I love the fact that some file Foo.zig can directly represent a struct Foo. Unfortunately the same is not true of enums (as far as I know), resulting in lines like @import("MyEnum.zig").MyEnum.
The best idiomatic solution I can come up with is pub const @"*" = enum { ... }; in MyEnum.zig and then const MyEnum = @import("MyEnum.zig").@"*"; in Foo.zig.
Is there any reason a file couldn’t be inferred as either an enum or a struct based on the presence of literals or fields respectively, as they are mutually exclusive? I assume this has been brought up before, but I couldn’t find anything.

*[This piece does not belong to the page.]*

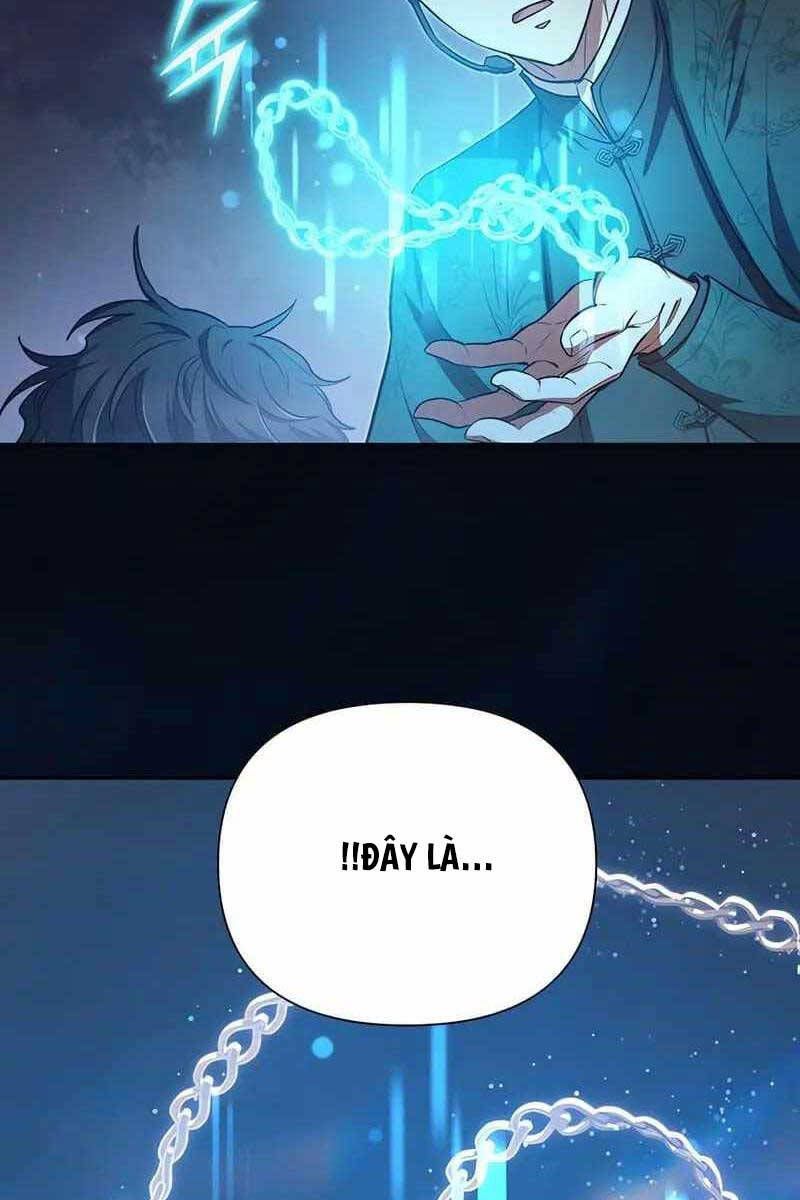 đọc truyện Những Ranker Cấp S Mà Tôi Nuôi Dưỡng Chương 117 ảnh 115 tại Thiên Thai Truyện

EDIT: I forgot about unions. Ideally there would be uniform approach that could work for these too. Perhaps imports statements themselves could disambiguate between unions and structs, while also providing required data such as the enum to use for the union. The simplest solution I can think of would be either multiple unique import builtins or some way to configure the current import for either modules, unions, structs or enums.
If you expand from struct to enum and union you may as well just say an imported file can be any type. I think I prefer the simplicity of saying it’s always an implicit struct (without braces etc) than having to handle import syntax differently depending on the type.
I think it is easier because namespaces are just structs, i.e. structs are how namespaces are represented in Zig. Files are also naturally namespaces, so it follows that file contents can be represented easily as structs.
This is a question of whether to add or subtract rules to the language.
I think the zig file was originally designed as a namespace.
The reason why it also serves as a struct type is merely to reduce the rules. Since the struct itself serves as both a namespace and a struct type with fields, if a zig file is designed as a struct, to illustrate that it is only used as a namespace and cannot be used as a struct type, additional restrictions need to be added in the language to express that “zig files are special; as a struct, they cannot have fields.” But it seems there is no particular need to restrict this.
However, if zig files are used for more types of aggregation such as union, tagged union, enum, packed struct, etc., more rules need to be added to zig files. From the perspective of usage, at certain times they seem more consistent. I dare not assert that this cannot be done in the future, but it will definitely add more grammar and rules, and there is no rush for this.